Cementerios
Cuando los antropólogos investigan
los primeros homínidos, uno de los primeros rasgos que encuentran como
característicos de lo humano, que nos distingue de nuestros ancestros monos, es
la costumbre de enterrar a los muertos. Probablemente esta costumbre pone de
manifiesto algún tipo de creencia en el más allá, o al menos una cierta
espiritualidad, y por eso encontramos desde las primeras culturas
enterramientos, que se irían estabilizando con nuestra “conversión” al
sedentarismo (como he llamado alguna vez “la revolución del confort”), pues
esta nos permitió mantenernos cerca y visitar el lugar donde yacen nuestros
familiares y seres queridos. El carácter sagrado, más o menos religioso pero
siempre digno de un respeto especial, del lugar donde yacen nuestros
antepasados, es común a muchas culturas. El jefe indio Sealth escribía al
presidente de los Estados Unidos en 1854: “Si les vendemos nuestra tierra, deben recordar que es
sagrada, y a la vez deben enseñar a sus hijos que es sagrada y que cada reflejo
fantasmagórico en las claras aguas de los lagos cuenta los sucesos y memorias
de las vidas de nuestras gentes. El murmullo del agua es la voz del padre de mi
padre”. En otras culturas, como el hinduismo, la tradición ha sido la
incineración de los muertos, tal vez vinculada a la creencia en la
reencarnación, pero en todo caso rodeada de ritos que ponen de relieve el
respeto hacia ese momento de la muerte y su trascendencia. Esa práctica hoy es
cada vez más común en occidente, pero con todas las variantes que se quieran,
el respeto al momento de la muerte y a los antepasados fallecidos es un rasgo
esencial de la condición humana, vinculado a la comprensión y asunción de ese momento
de una manera diferente, espiritual y en cualquier caso más solemne a la que
tienen (en la medida en que tengan comprensión de ese momento) otras especies
animales.
El caso es que los cementerios son
lugares muy especiales en muchas culturas.
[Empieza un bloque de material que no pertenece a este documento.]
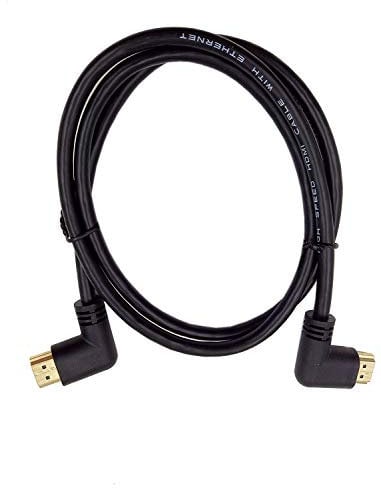 Halokny HDMI 2.0 Cable, 3Ft/1M Gold-Plated 90 Degree HDMI Male to Male Left to Right Angle Cable 60Hz, Support 4K Ultra HD, 3D Video, Ethernet, More (M/M)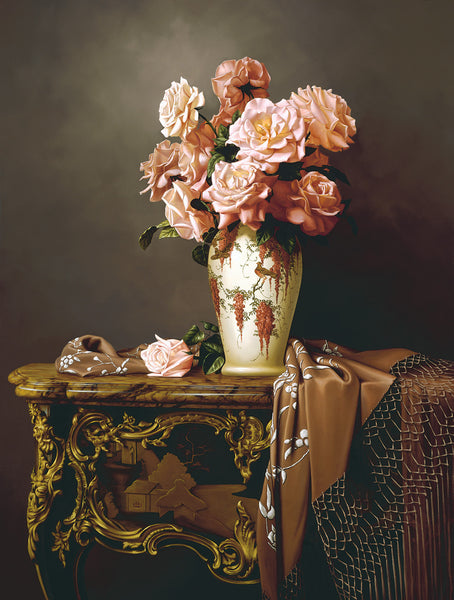 "Peach Roses"  Giclee on Canvas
A mí, siempre me han atraído, como
lugar paradójico que transmite sensaciones contradictorias, como son el temor o
cierto rechazo al momento –para casi nadie deseado- del final de esta vida, y
por otro lado esa extraña y maravillosa sensación de paz que transmiten. Y, la
verdad, me ha gustado visitar algunos cementerios. Hay algunos muy famosos por
las personas que en ellos están enterradas, o por la suntuosidad de los
panteones, como el de Recoleta en Buenos Aires, y otros que añaden a ese
atractivo su privilegiado emplazamiento (en España destacan por estos motivos
los de Comillas en Cantabria, o Luarca en Asturias). Muchas veces en mi vida,
paseando por estos lugares, leyendo quizá el poema desgarrador que transmite el
llanto de un padre por el fallecimiento de su hija (“Ma perché?”, se podía leer
en un panteón en Recoleta), he pensado en lo absurdo de esa fastuosidad, de
emplear el dinero, por mucho que alguien tenga, en algo tan inútil que de
ningún modo puede mejorar nuestra vida postrera, si es que esta existe, ni
mitigar el dolor de los que aquí quedan. Pero otras veces he visto el asunto de
forma diferente, al pensar que sin ese legítimo deseo de pervivencia (no quizá
tanto de la persona como de su recuerdo) no existirían las pirámides ni el Taj
Mahal. En cualquier caso, visitar el pedazo de tierra en el que yacen mi padre
o mis abuelos me ayuda a sentir estrechos vínculos con mi origen y procedencia,
y en suma con esa tierra que no nos pertenece, sino a la que todo pertenecemos.